A partire dall’inizio, quando King Jr. disse: “Sono felice di unirmi a voi in questa che passerà alla Storia come la più grande dimostrazione per la libertà nella storia del nostro Paese”.

In un passaggio particolarmente coinvolgente, con una citazione esplicita della Dichiarazione d’indipendenza degli Stati Uniti del 1776, King Jr. si rivolse ai presenti affermando: “E perciò, amici miei, vi dico che, anche se dovrete affrontare le asperità di oggi e di domani, io ho sempre davanti a me un sogno.
È un sogno profondamente radicato nel sogno americano, che un giorno questa nazione si leverà in piedi e vivrà fino in fondo il senso delle sue convinzioni: noi riteniamo ovvia questa verità, che tutti gli uomini sono creati uguali”.

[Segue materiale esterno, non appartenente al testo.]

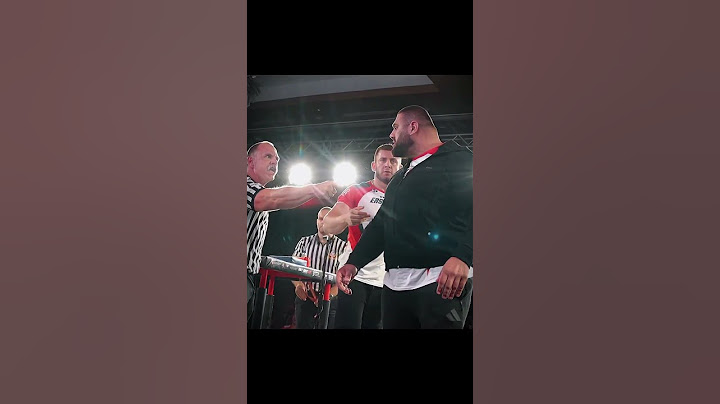 Who do you think is right here?#armwrestler #levansaginashvili #armwrestling #devonlarrat #sport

La conclusione, poi, fu fulminante: “E quando lasciamo risuonare la libertà, quando le permettiamo di risuonare da ogni villaggio e da ogni borgo, da ogni Stato e da ogni città, acceleriamo anche quel giorno in cui tutti i figli di Dio, neri e bianchi, ebrei e gentili, cattolici e protestanti, sapranno unire le mani e cantare con le parole del vecchio spiritual: ‘Liberi finalmente, liberi finalmente; grazie Dio Onnipotente, siamo liberi finalmente’ ”.